Monday, December 27, 2004

"No Good Deed Goes Unpunished"

So, I thought, "What can I do on Christmas since I'll be alone?"

I didn't want to go back to Pattie and Gary's where I'm reminded that my sister has what I'm missing - nice home, a man who loves her, etc. . . Nope. Had that on Christmas Eve and even though she asked me over for Christmas Day dinner, I declined.

I didn't want to sit in my apartment and brood.

I should get out and DO something. Volunteer - do a good deed.
I should go to one of our nursing homes and do something with the Activity Department. What a great idea!
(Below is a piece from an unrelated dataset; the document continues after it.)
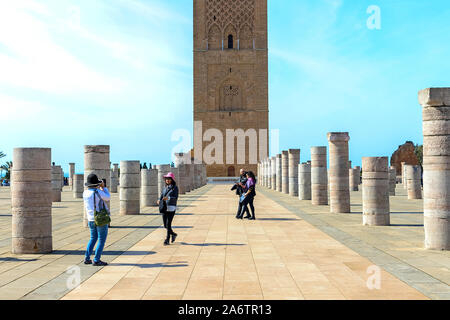 Blick auf den Platz mit Ruinen und der Hassan Turm gegen den blauen Himmel. Traditionelle arabische Architektur Rabat, Marokko 22.04.2019 Stockfoto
Well, at least I thought it was a great idea.

I was at Easton Nursing Center on Christmas Day, helping to hand out presents to the residents - many of whom wouldn't have visitors or gifts on Christmas. The Salvation Army was very generous with stockings for each resident. There were also many wrapped gifts - new items bought by the staff for the residents - sweaters, cologne, stationary - nice gifts.

I spent almost three hours playing Santa's helper. I paid for it the next day - I could hardly get up from the sofa - my back and knee pain was so great. I had to push myself up with my hands and then press my hands on my thighs, still bent over, to slowly straighten up.

I took two Aleve for the pain so I could move - get out of the house and buy groceries. I know all about Aleve - I figure that I'll get rid of my back pain with Aleve now and when I have my heart attack they can give me freakin' morphine in the ER. I need to be able to move NOW - not worry what's going to happen to me in the future.

I soaked in a hot tub last night and took my Flexoril as ordered. So the pain is a little better this morning. But I'm waiting for the return since I had to shovel snow this morning.

Christmas Day delivering presents to the residents and the subsequent pain made me recognize a truth - never back to nursing - not general duty nursing - I would die from the pain.

I guess it's time for a new career - one where I don't have to sit, stand or walk for long periods of time. One where I don't have to drive long distances or lift anything.

Hmmm? When I find a job like that, I'll let you know.
Until then, I guess I'll just suffer and take Aleve - at least until they pull it off the shelf.